#### [Dataset excerpts]
Content starts
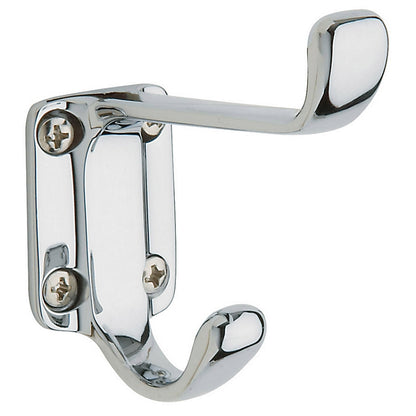 Baldwin Estate 0781 Costume Hook 3.25" Projection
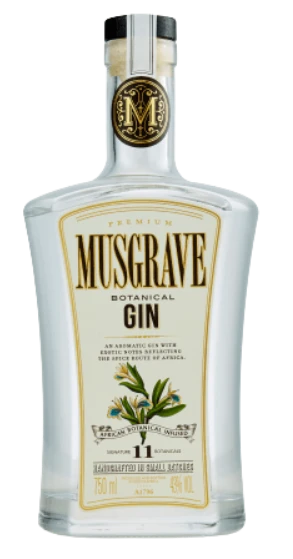 Musgrave Botanical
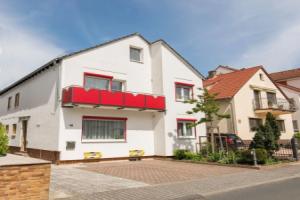 Gästehaus Schröder Walldorf 1, Мёрфельден-Вальдорф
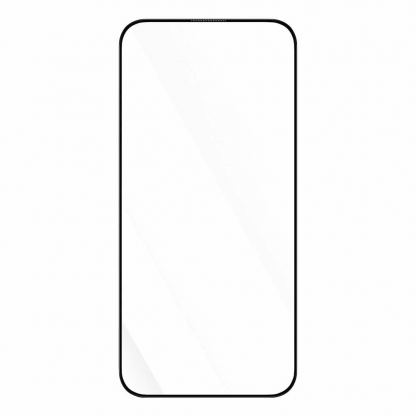 Стъклено защитно покритие за дисплея на iPhone 16 Pro, iPhone 17, iPhone 17 Pro - Blueo 3D Invisible Airbag Tempered Glass 2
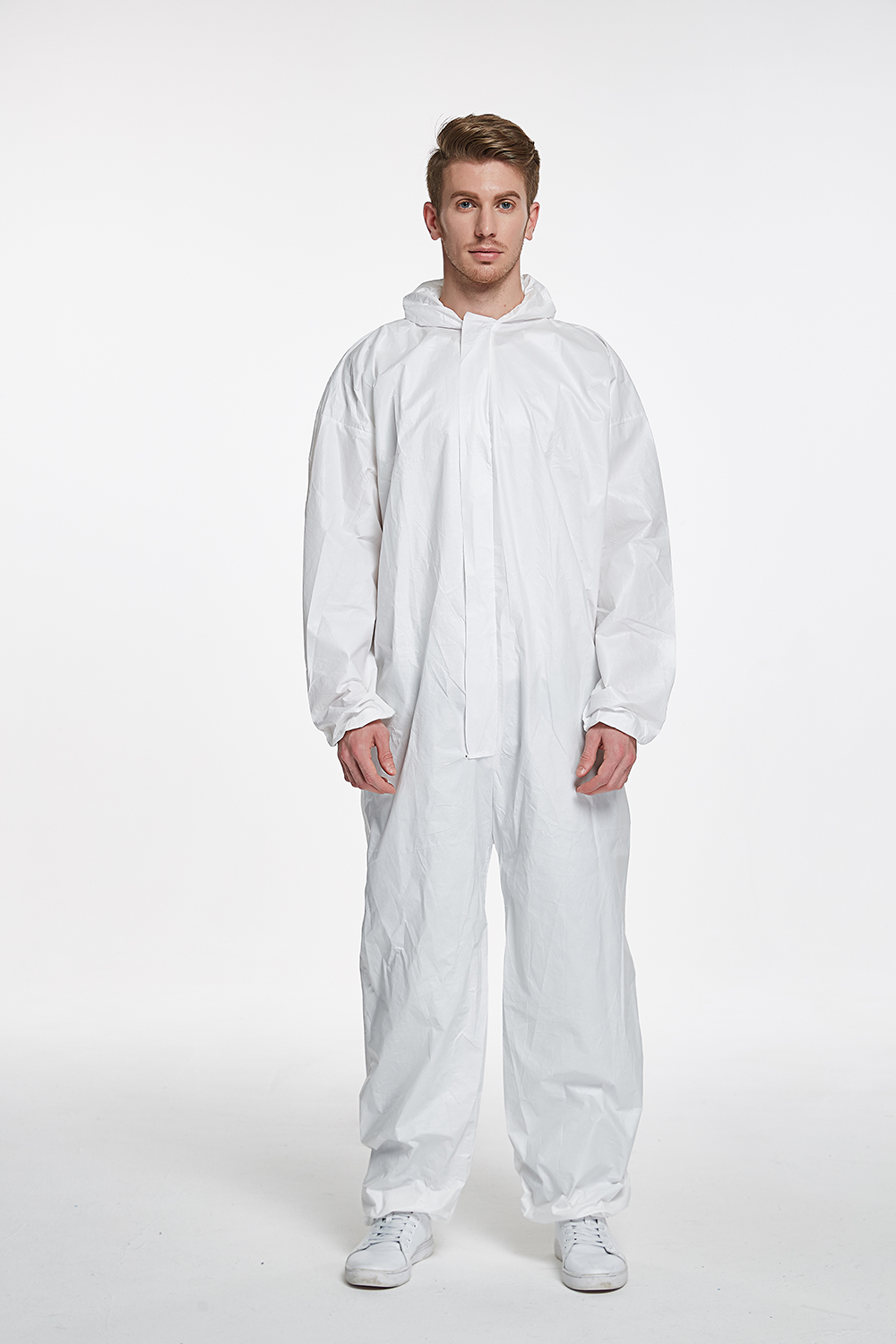 Waterproof Dustproof Sterile Disposable Surgical Gown Anti-Static Medical Isolation Clothing
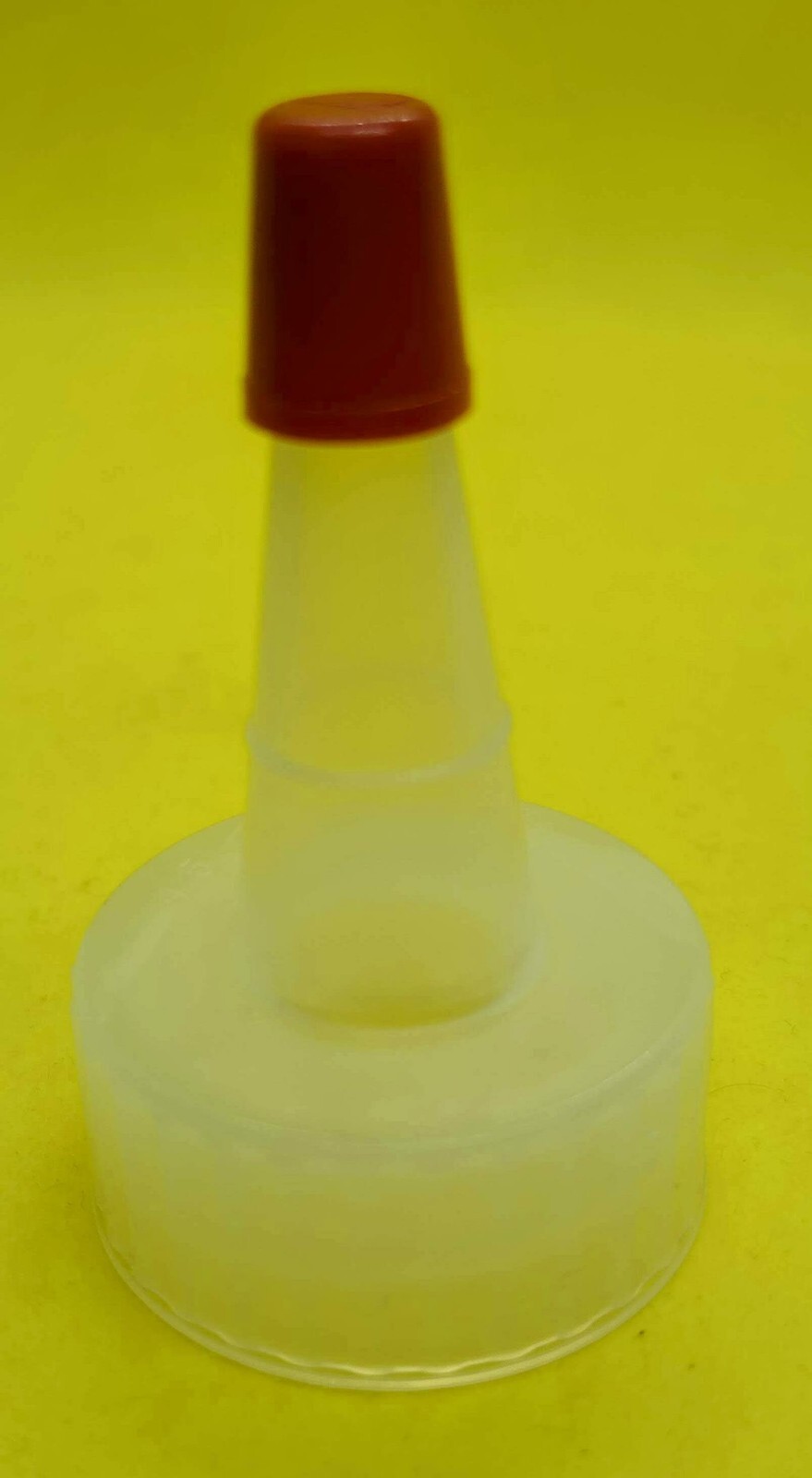 Noris #110 UV Invisible Blue Quick Dry Marking Ink 2oz Bottle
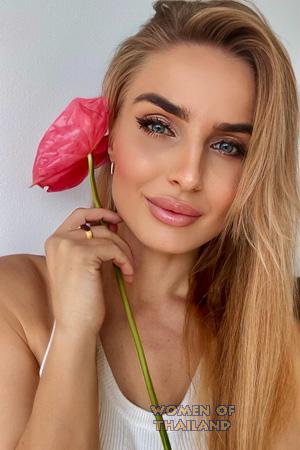 Ladies of Eastern-Europe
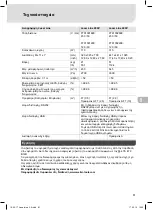 Preview for 83 page of Weller Laser Line 200V Translation Of The Original Instructions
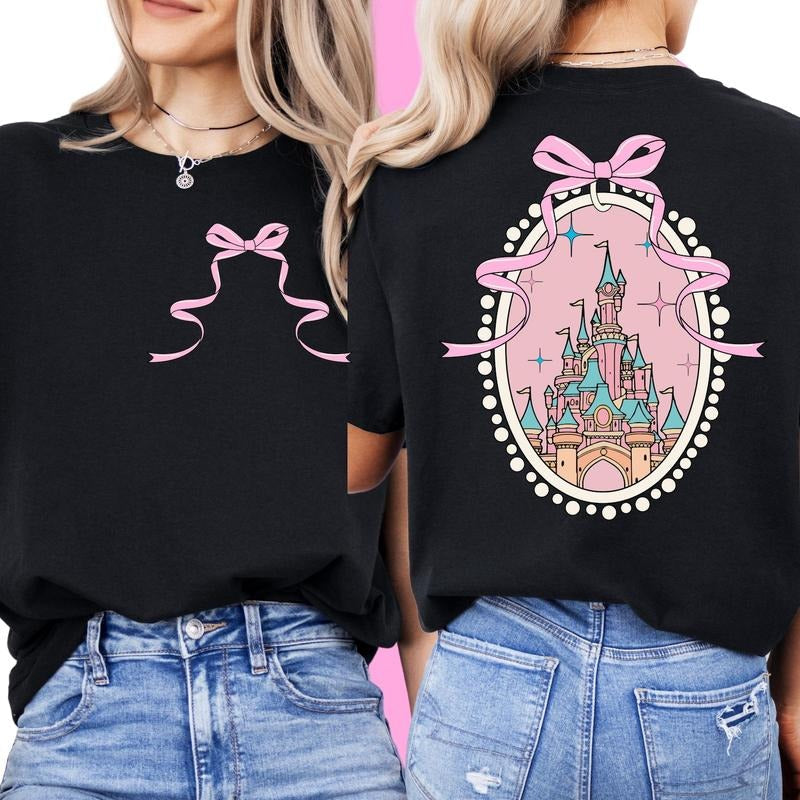 Girls Trip Matching Tshirt Sweatshirt, Cute Shirt Gift Family Hoodie | CiraTrend.com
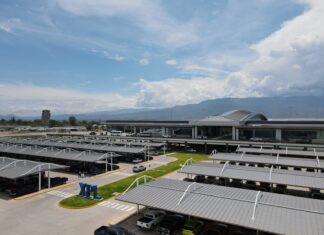 Inversión de Palmerola International Airport es de más de $135 millones en el aeropuerto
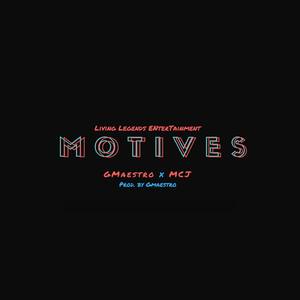 Motives (with MCJ) [Explicit]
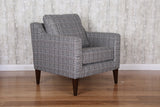 Spectre - Accent Chair
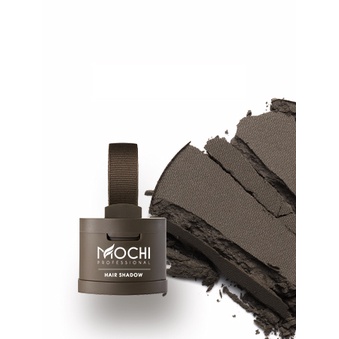 Phấn phủ bạc Mochi Nhật Bản. Phấn che khuyết điểm tóc thưa phủ tóc bạc chính hãng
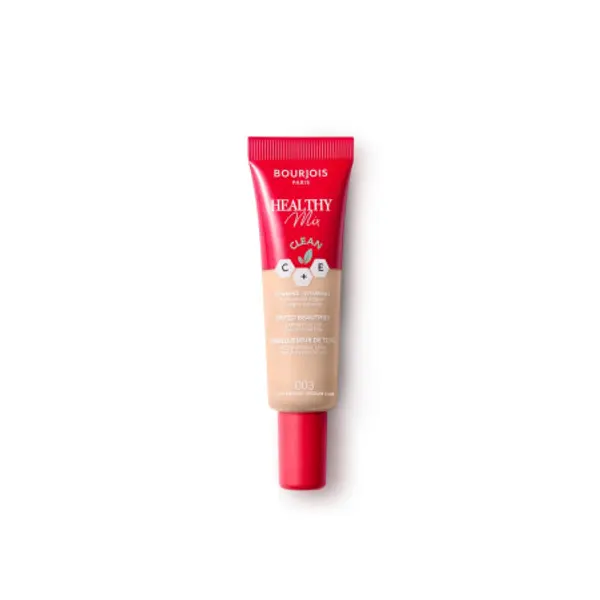 Bourjois Paris Bourjois Paris Healthy Mix Tinted Beautifier - 003 Light Medium - puder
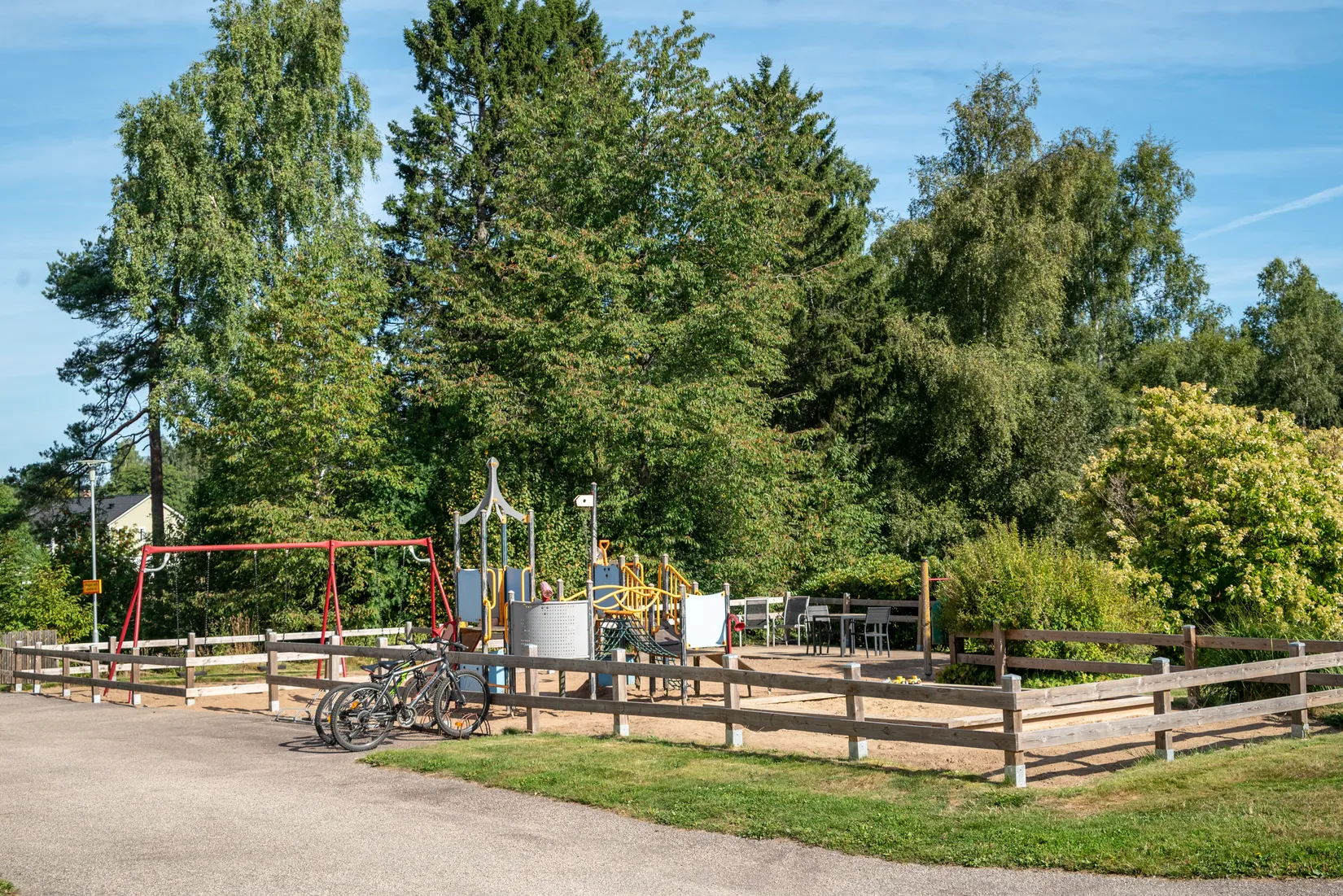Bostadsrätt, Rullstensvägen 17B, Sandared, Borås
Content ends
#### [What is expected]
The result should be an exact copy of only the lines above from the one that holds "Musgrave Botanical" through the one that holds "Girls Trip Matching", both ends included, without pictures.

#### [Written answer]
 Musgrave Botanical
 Gästehaus Schröder Walldorf 1, Мёрфельден-Вальдорф
 Стъклено защитно покритие за дисплея на iPhone 16 Pro, iPhone 17, iPhone 17 Pro - Blueo 3D Invisible Airbag Tempered Glass 2
 Waterproof Dustproof Sterile Disposable Surgical Gown Anti-Static Medical Isolation Clothing
 Noris #110 UV Invisible Blue Quick Dry Marking Ink 2oz Bottle
 Ladies of Eastern-Europe
 Preview for 83 page of Weller Laser Line 200V Translation Of The Original Instructions
 Girls Trip Matching Tshirt Sweatshirt, Cute Shirt Gift Family Hoodie | CiraTrend.com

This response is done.